> What you have to do: Every line below must be reproduced exactly; no pictures are to be included.

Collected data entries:
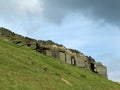 A dramatic stone outcrop on a steep green hillside in yorkshire moors landscape with the remains of an old dry stone wall Royalty Free Stock Photo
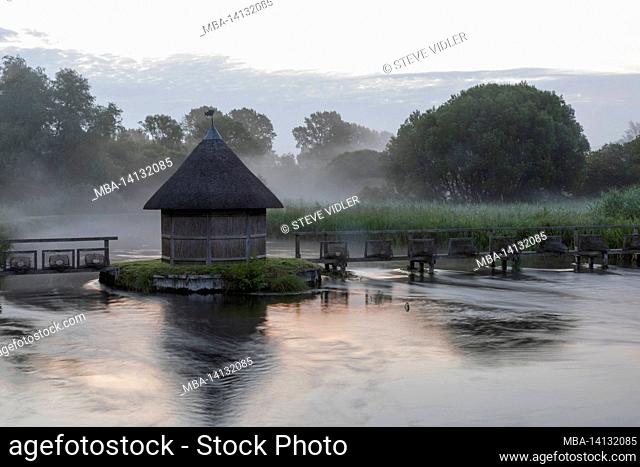 england, hampshire, test valley, stockbridge, longstock, leckford estate, river test and traditional thatched fisherman's hut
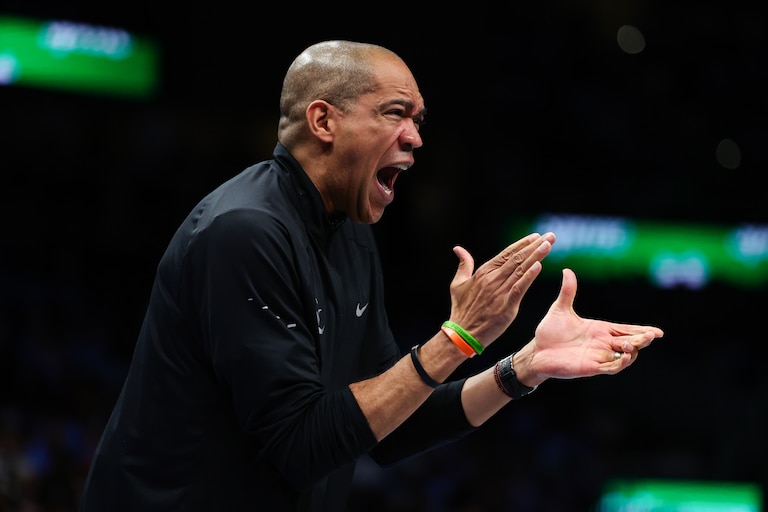 Washington Mystics head coach Sydney Johnson reacts during the first half in Game 1 of an WNBA basketball first-round playoff series against the Atlanta Dream, Sunday, Sept. 27, 2026, in Atlanta. (AP Photo/Colin Hubbard)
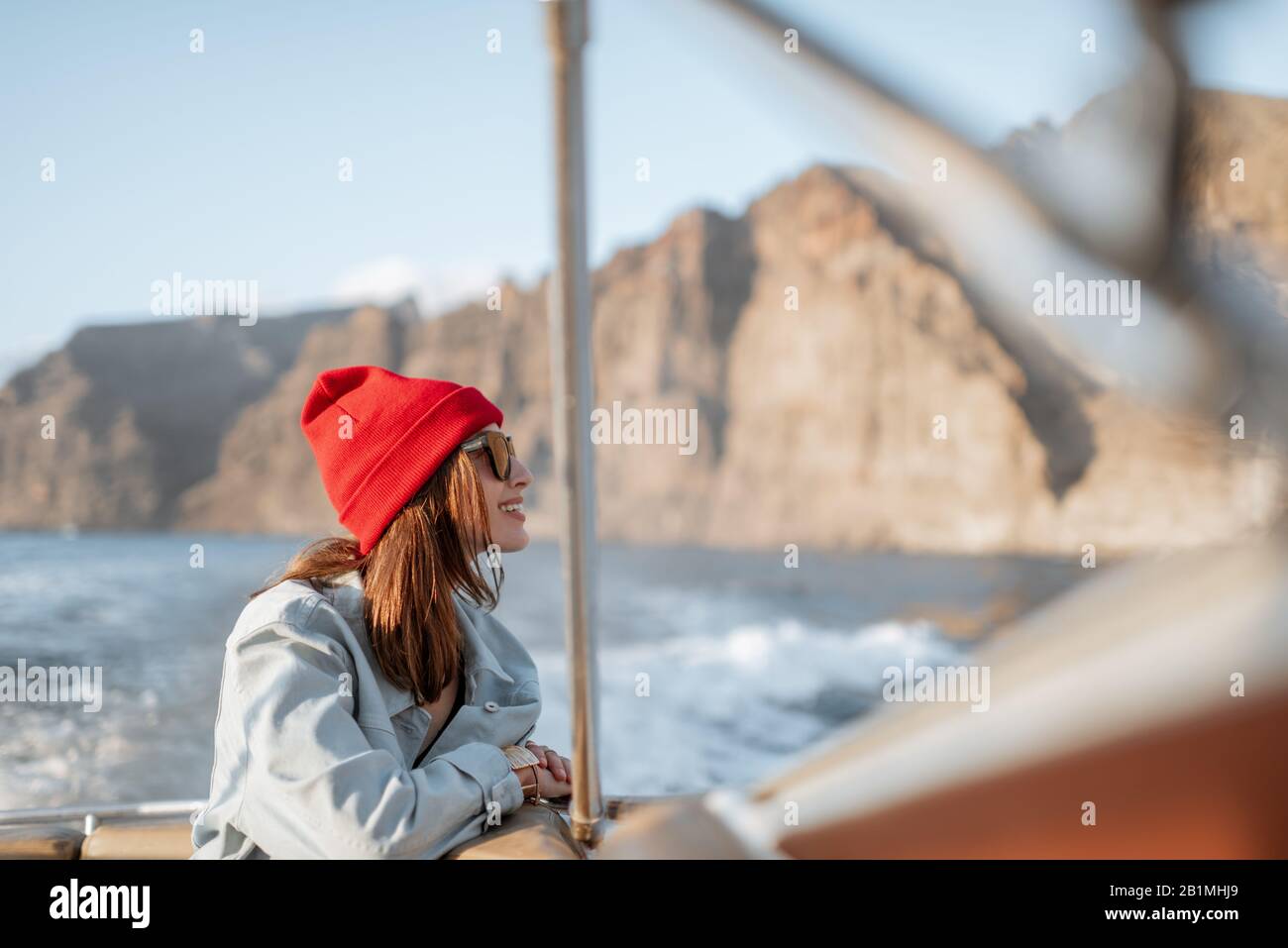 Ritratto di una giovane viaggiatore vestito casualmente con cappello rosso e jeans che naviga su uno yacht vicino alla costa rocciosa. Concetto di uno stile di vita e di viaggio spensierati Foto Stock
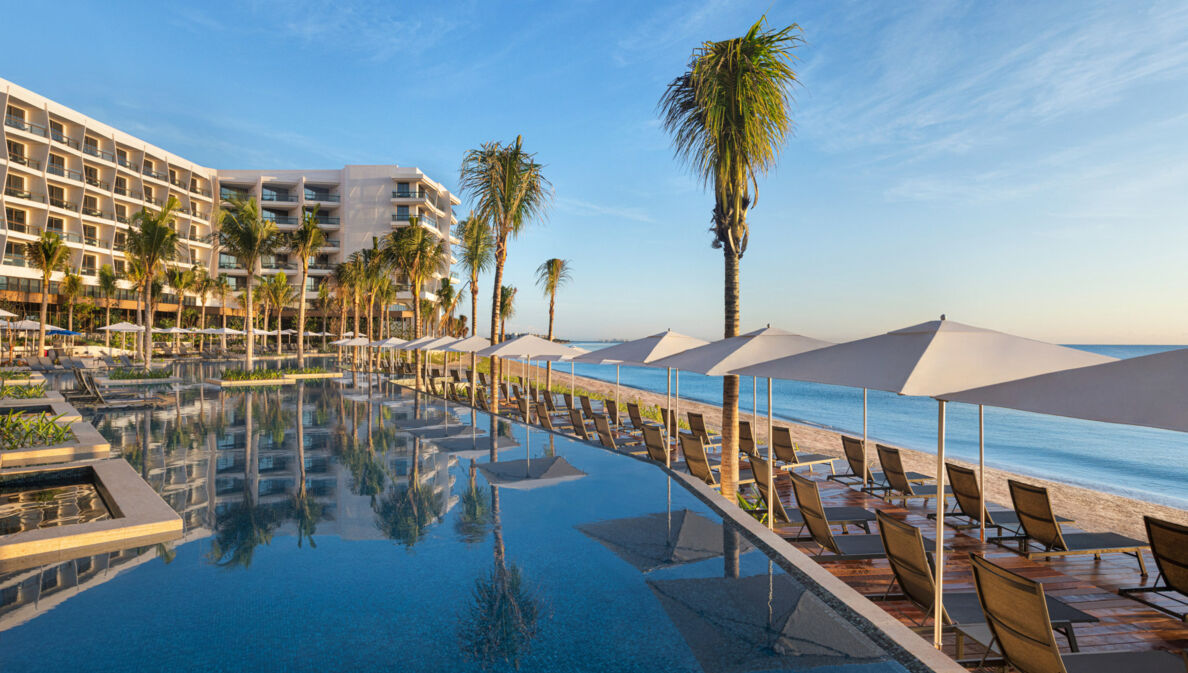 Eine Hilton Hotelanlage mit Pool an einem Sandstrand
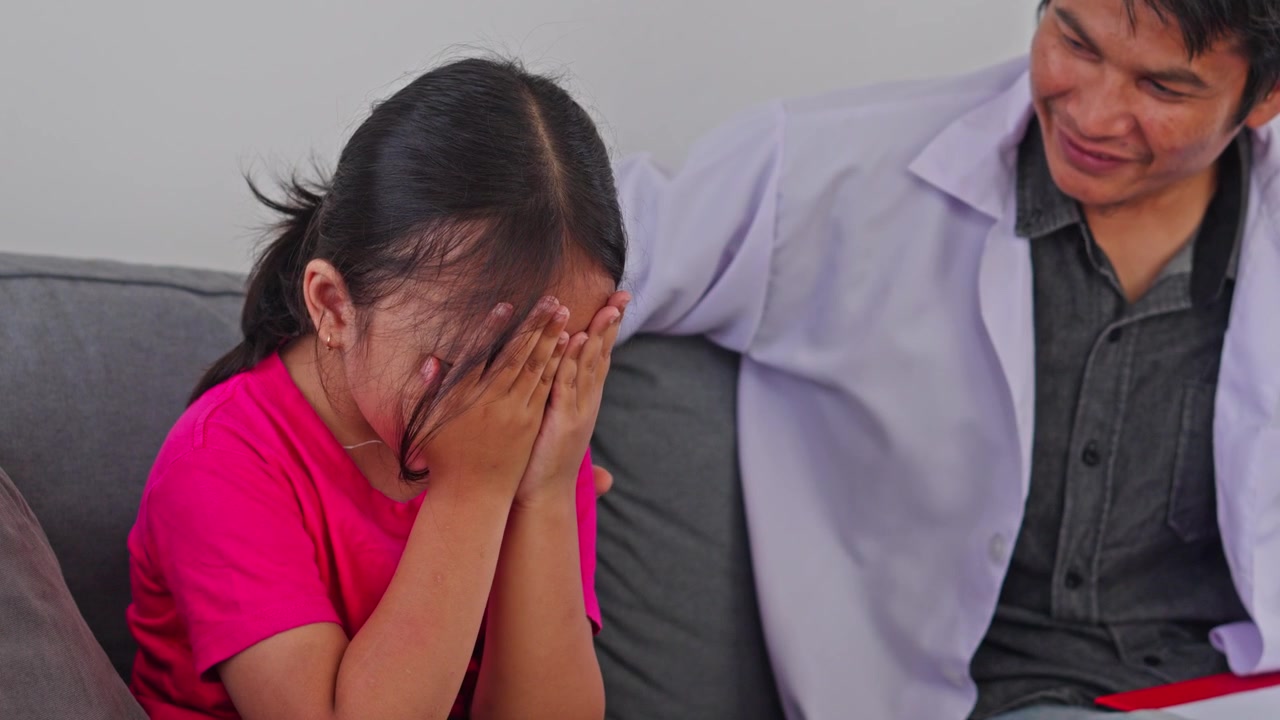 Little Asian girl covering her face and crying bitterly during therapy session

> Problem solution:
 A dramatic stone outcrop on a steep green hillside in yorkshire moors landscape with the remains of an old dry stone wall Royalty Free Stock Photo
 england, hampshire, test valley, stockbridge, longstock, leckford estate, river test and traditional thatched fisherman's hut
 Washington Mystics head coach Sydney Johnson reacts during the first half in Game 1 of an WNBA basketball first-round playoff series against the Atlanta Dream, Sunday, Sept. 27, 2026, in Atlanta. (AP Photo/Colin Hubbard)
 Ritratto di una giovane viaggiatore vestito casualmente con cappello rosso e jeans che naviga su uno yacht vicino alla costa rocciosa. Concetto di uno stile di vita e di viaggio spensierati Foto Stock
 Eine Hilton Hotelanlage mit Pool an einem Sandstrand
 Little Asian girl covering her face and crying bitterly during therapy session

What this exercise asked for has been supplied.